But Murray cooly dealt with those nerves and helped the Pittsburgh Penguins to a 3-1 victory and a 2-1 series lead.
Murray suffered a concussion in the regular season finale on April 9 and didn’t return to practice with his Penguins teammates until Monday. His showing that day was enough for the 21-year-old netminder to feel ready to return to gameplay, and for his head coach to feel comfortable in naming him the Game 3 starter.
“I’m not a guy who likes to take a lot in practice anyway,” Murray said. “I don’t need much to really feel like I have to stay sharp. I think one practice was enough. I just tried to really push myself in that practice, obviously, because I hadn’t seen any action in a long time.”

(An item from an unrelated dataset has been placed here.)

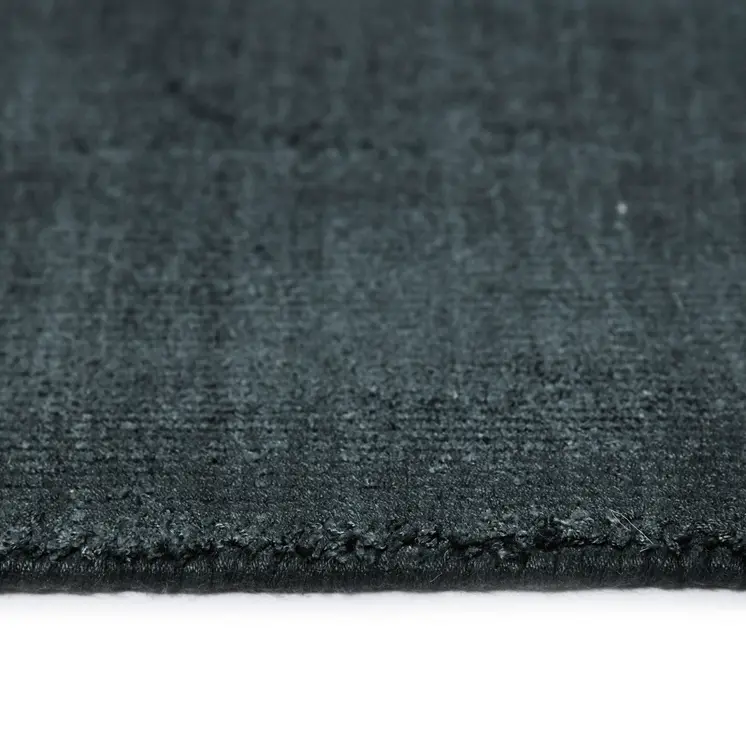 4' X 6' Charcoal And Black Abstract Hand Woven Area Rug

The butterflies were there for Murray, a 2012 third-round pick by the Penguins. But once the Rangers got the first of their 17 shots on him, he started to settle. It also helped that his teammates did a good job at keeping the Rangers shots mostly on the perimeter and out of high-danger areas while limiting their time in the offensive zone.
After Sidney Crosby’s power play goal tied the game with 42 seconds left in the first period, the Penguins and Rangers traded chances in the second frame, but to no avail. Then 4:16 into the third period, Matt Cullen chipped a puck between two New York defensemen and beat Henrik Lundqvist five-hole on a breakaway to snap the 1-1 tie.

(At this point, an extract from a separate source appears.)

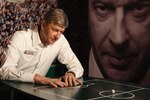 JOHANNESBURG, SOUTH AFRICA - JUNE 09:  Arsene Wenger poses at the Castrol Performance Lab in Johannesburg on June 9, 2010 in Johannesburg, South Africa. Wenger gave an exclusive preview of the unique performance analysis tools that Castrol, official sponsor of the FIFA World Cup, will be provdiing to all fans throughout the tournamnet at castrolfootball.com.  (Photo by Ian Walton/Getty Images for Castrol)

Cullen, who scored 16 goals and 32 points in the regular season, was praised by Penguins head coach Mike Sullivan afterward for his contributions and dressing room presence.

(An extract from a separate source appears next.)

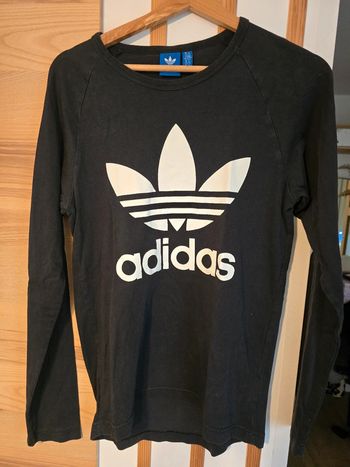 T shirt manche longue adidas noir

Despite his status as the wise old sage at 39 years old, Cullen wasn’t planning to impart any words of wisdom to calm a nervous Murray before the game.
“[I] stay outta his way. He’s knows what he’s doing,” Cullen said. “I stay out of his way. He’s done a great job. It’s fun to see. He comes with a smile on his face and he’s got a great confident attitude. I love it."
Murray’s absence coupled with Marc-Andre Fleury’s injury status caused Sullivan to turn to Jeff Zatkoff for Games 1 and 2. Fleury wasn’t even dressed for Game 3 and his return remains in limbo with the teams back at Madison Square Garden Thursday night.
While the Penguins were missing Fleury and going with goaltender No. 3 on the depth chart, Murray was smart about his recovery and not pressing to return before he was ready. Any setback could have put him out even longer and throwing the team’s crease situation in flux.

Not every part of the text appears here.